Classification Error Rate
The classification error rate is the number of observations that are misclassified over the sample size.
\begin{equation*}
\frac{1}{n} \sum_{i=1}^n I(\hat{Y_i} \neq y_i),
\end{equation*}
where $I(\hat{Y_i} \neq y_i) = 1$ if $\hat{Y_i} \neq y_i$ and 0 otherwise.
For binary classification, let 'Y.hat' be a 0-1 vector of the predicted class labels, and 'y' be a 0-1 vector of the observed class labels. We can calculate the classification error rate by "mean(abs(Y.hat-y))" in R.
Bayes Classification Rule
[Recall material from Section 2.2.3 in the textbook, specifically from the bottom half of page 37 through the top of page 39.]
Suppose the marginal distribution of G is specified by the probability mass function (pmf) \(p_G(g), g = 1, 2, \cdots , K\).
The conditional distribution of X given \(G = g\) is \( f_{X|G}(x | G = g)\).
The training data \((x_i,g_i),i=1, 2, \cdots ,N\), are independent samples from the joint distribution of X and G,
\[f_{X,G}(x, g) = p_G(g)f_{X|G}(x | G = g)\]

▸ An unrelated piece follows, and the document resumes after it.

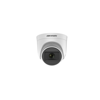HIKVISION DS-2CE76D0T-EXIPF, 2Mpix, 2.8mm Lens, 20Mt Gece Görüşü, Dome Kamera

Assume the loss of predicting G at \(G(X)\) = \(\hat{G}\) is \(L(\hat{G}, G)\).
Goal of classification: to minimize the expected loss
\[E_{X,G}L(G(X), G) = E_X (E_{G|X}L(G(X), G))\]
To minimize the left hand side, it suffices to minimize \(E_{G|X}L(G(X), G)\) for each X. Hence the optimal predictor:
\(\hat{G}(x)= \text{arg} \underset{g}{min}E_{G|X=x}L(g, G)\)
The above decision rule is called the Bayes classification rule.
For 0-1 loss, i.e.,
\(L(g, g')= \begin{cases}
1 & g \ne g' \\
0 & g = g'
\end{cases}\)
\(E_{G|X=x}L(g, G)=1-Pr(G=g|X=x)\).
The Bayes rule becomes the rule of maximum posterior probability:
\( \begin {align} \hat{G}(x) &=\text{arg }\underset{g}{min} E_{G|X=x}L(g, G)\\
& = \text{arg }\underset{g}{max} Pr(G=g|X=x)\\
\end {align} \).
Many classification algorithms attempt to estimate \(Pr(G = g | X = x)\), then apply the Bayes rule.
Linear Methods for Classification
Decision boundaries are linear.
Two class problem:
- The decision boundary between the two classes is a hyperplane in the feature vector space.
- A hyperplane in the p dimensional input space is the set:
\[\{x:\alpha_o + \sum^{p}_{j=1}\alpha_{j}x_{j}=0\}\]
The two regions separated by a hyperplane:
\[\{x:\alpha_o + \sum^{p}_{j=1}\alpha_{j}x_{j} > 0\}\] and \[\{x:\alpha_o + \sum^{p}_{j=1}\alpha_{j}x_{j}<0\}\]
More than two classes:
- The decision boundary between any pair of classes k and l is a hyperplane (shown in previous figure).
How do you choose the hyperplane?
Example methods for deciding the hyperplane:
- Linear discriminant analysis.
- Logistic regression.
Linear decision boundaries are not necessarily constrained. We can expand the feature space by adding in extra variables formed by functions of the original variables. Linear decision boundaries in the expanded feature space may be nonlinear in the original feature space.